Administrators and users can detect a V4 filesystem by running
xfs_info against a filesystem mountpoint and checking for a string
beginning with "crc=". If the string "crc=0" is found, the
filesystem is a V4 filesystem. If no such string is found, please
upgrade xfsprogs to the latest version and try again.
This option will become default N in September 2025. Support for the
V4 format will be removed entirely in September 2030. Distributors
can say N here to withdraw support earlier.
To continue supporting the old V4 format (crc=0), say Y.
To close off an attack surface, say N.
config XFS_SUPPORT_ASCII_CI
bool "Support deprecated case-insensitive ascii (ascii-ci=1) format"
depends on XFS_FS
default y
help
The ASCII case insensitivity filesystem feature only works correctly
on systems that have been coerced into using ISO 8859-1, and it does
not work on extended attributes. The kernel has no visibility into
the locale settings in userspace, so it corrupts UTF-8 names.
Enabling this feature makes XFS vulnerable to mixed case sensitivity
attacks. Because of this, the feature is deprecated. All users
should upgrade by backing up their files, reformatting, and restoring
from the backup.
Administrators and users can detect such a filesystem by running
xfs_info against a filesystem mountpoint and checking for a string
beginning with "ascii-ci=". If the string "ascii-ci=1" is found, the
filesystem is a case-insensitive filesystem. If no such string is
found, please upgrade xfsprogs to the latest version and try again.
This option will become default N in September 2025. Support for the
feature will be removed entirely in September 2030. Distributors
can say N here to withdraw support earlier.
To continue supporting case-insensitivity (ascii-ci=1), say Y.
To close off an attack surface, say N.
config XFS_QUOTA
bool "XFS Quota support"
depends on XFS_FS
select QUOTACTL
help
If you say Y here, you will be able to set limits for disk usage on
a per user and/or a per group basis under XFS. XFS considers quota
information as filesystem metadata and uses journaling to provide a
higher level guarantee of consistency. The on-disk data format for
quota is also compatible with the IRIX version of XFS, allowing a
filesystem to be migrated between Linux and IRIX without any need
for conversion.
If unsure, say N. More comprehensive documentation can be found in
README.quota in the xfsprogs package. XFS quota can be used either
with or without the generic quota support enabled (CONFIG_QUOTA) -
they are completely independent subsystems.
config XFS_POSIX_ACL
bool "XFS POSIX ACL support"
depends on XFS_FS
select FS_POSIX_ACL
help
POSIX Access Control Lists (ACLs) support permissions for users and
groups beyond the owner/group/world scheme.

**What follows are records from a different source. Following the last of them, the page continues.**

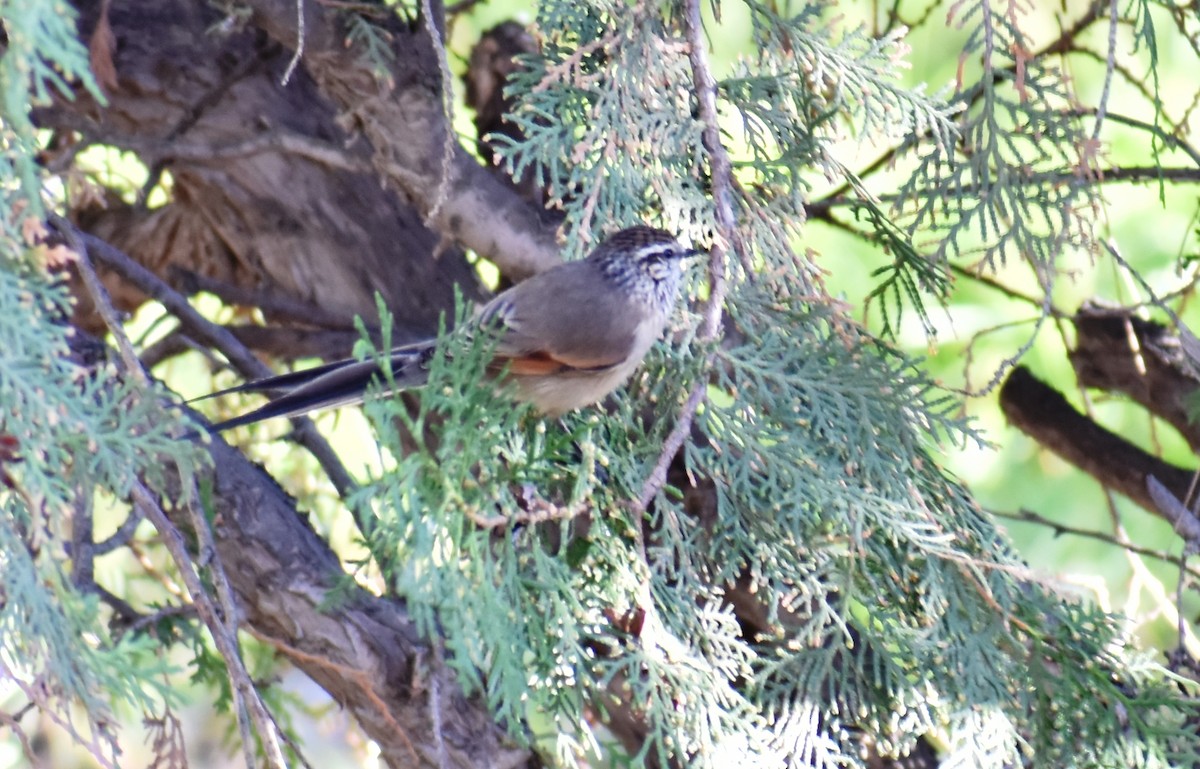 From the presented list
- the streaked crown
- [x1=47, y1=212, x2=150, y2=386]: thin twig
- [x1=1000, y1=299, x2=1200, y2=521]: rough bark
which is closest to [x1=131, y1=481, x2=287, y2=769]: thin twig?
[x1=47, y1=212, x2=150, y2=386]: thin twig

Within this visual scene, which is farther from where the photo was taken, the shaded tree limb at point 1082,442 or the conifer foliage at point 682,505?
the shaded tree limb at point 1082,442

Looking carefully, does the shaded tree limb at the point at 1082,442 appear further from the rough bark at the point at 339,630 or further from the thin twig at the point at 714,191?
the rough bark at the point at 339,630

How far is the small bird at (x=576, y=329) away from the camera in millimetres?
2893

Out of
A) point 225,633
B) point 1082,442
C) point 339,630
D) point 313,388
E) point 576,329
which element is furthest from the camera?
point 1082,442

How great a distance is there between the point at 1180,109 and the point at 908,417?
3.59 m

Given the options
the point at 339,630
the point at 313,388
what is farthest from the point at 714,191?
the point at 339,630

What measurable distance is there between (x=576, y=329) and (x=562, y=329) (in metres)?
0.04

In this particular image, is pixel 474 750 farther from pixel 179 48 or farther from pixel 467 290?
pixel 179 48

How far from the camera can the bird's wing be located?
2926mm

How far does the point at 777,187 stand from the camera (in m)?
A: 2.70

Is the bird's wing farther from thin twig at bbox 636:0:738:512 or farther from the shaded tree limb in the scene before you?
the shaded tree limb

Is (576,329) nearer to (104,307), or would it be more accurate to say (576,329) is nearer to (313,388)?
(313,388)

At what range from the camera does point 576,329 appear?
9.76 ft

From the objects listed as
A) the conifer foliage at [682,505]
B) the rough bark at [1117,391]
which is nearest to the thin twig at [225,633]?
the conifer foliage at [682,505]
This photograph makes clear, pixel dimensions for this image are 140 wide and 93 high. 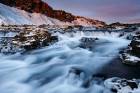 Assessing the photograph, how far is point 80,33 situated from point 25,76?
17764mm

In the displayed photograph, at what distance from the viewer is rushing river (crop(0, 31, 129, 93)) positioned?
34.2ft

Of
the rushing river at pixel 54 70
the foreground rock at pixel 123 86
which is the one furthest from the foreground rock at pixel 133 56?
the foreground rock at pixel 123 86

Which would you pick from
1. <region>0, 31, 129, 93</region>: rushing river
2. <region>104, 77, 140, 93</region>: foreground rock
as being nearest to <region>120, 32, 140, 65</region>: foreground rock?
<region>0, 31, 129, 93</region>: rushing river

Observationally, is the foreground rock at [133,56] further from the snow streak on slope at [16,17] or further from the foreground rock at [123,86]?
the snow streak on slope at [16,17]

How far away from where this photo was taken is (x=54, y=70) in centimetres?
1324

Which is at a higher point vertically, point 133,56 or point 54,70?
point 133,56

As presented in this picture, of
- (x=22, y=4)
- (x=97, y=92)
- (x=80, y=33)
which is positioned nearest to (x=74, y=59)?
(x=97, y=92)

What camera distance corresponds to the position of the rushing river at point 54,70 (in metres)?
10.4

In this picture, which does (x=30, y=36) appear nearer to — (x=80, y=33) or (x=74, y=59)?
(x=74, y=59)

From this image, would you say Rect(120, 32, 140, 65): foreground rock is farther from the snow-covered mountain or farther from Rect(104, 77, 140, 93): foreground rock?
the snow-covered mountain

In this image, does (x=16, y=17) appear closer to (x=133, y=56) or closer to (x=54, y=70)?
(x=54, y=70)

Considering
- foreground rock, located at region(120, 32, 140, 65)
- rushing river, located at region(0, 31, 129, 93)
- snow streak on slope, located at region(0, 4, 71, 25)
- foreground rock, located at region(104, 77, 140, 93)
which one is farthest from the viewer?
snow streak on slope, located at region(0, 4, 71, 25)

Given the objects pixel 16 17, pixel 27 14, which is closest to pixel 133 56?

If you don't know what Access Control Lists are, say N.
config XFS_RT
bool "XFS Realtime subvolume support"
depends on XFS_FS
help
If you say Y here you will be able to mount and use XFS filesystems
which contain a realtime subvolume. The realtime subvolume is a
separate area of disk space where only file data is stored. It was
originally designed to provide deterministic data rates suitable
for media streaming applications, but is also useful as a generic
mechanism for ensuring data and metadata/log I/Os are completely
separated. Regular file I/Os are isolated to a separate device
from all other requests, and this can be done quite transparently
to applications via the inherit-realtime directory inode flag.
See the xfs man page in section 5 for additional information.
If unsure, say N.
config XFS_DRAIN_INTENTS
bool
select JUMP_LABEL if HAVE_ARCH_JUMP_LABEL
config XFS_LIVE_HOOKS
bool
select JUMP_LABEL if HAVE_ARCH_JUMP_LABEL
config XFS_ONLINE_SCRUB
bool "XFS online metadata check support"
default n
depends on XFS_FS
depends on TMPFS && SHMEM
select XFS_LIVE_HOOKS
select XFS_DRAIN_INTENTS
help
If you say Y here you will be able to check metadata on a
mounted XFS filesystem. This feature is intended to reduce
filesystem downtime by supplementing xfs_repair. The key
advantage here is to look for problems proactively so that
they can be dealt with in a controlled manner.
This feature is considered EXPERIMENTAL. Use with caution!
See the xfs_scrub man page in section 8 for additional information.
If unsure, say N.
config XFS_ONLINE_SCRUB_STATS
bool "XFS online metadata check usage data collection"
default y
depends on XFS_ONLINE_SCRUB
select DEBUG_FS
help
If you say Y here, the kernel will gather usage data about
the online metadata check subsystem. This includes the number
of invocations, the outcomes, and the results of repairs, if any.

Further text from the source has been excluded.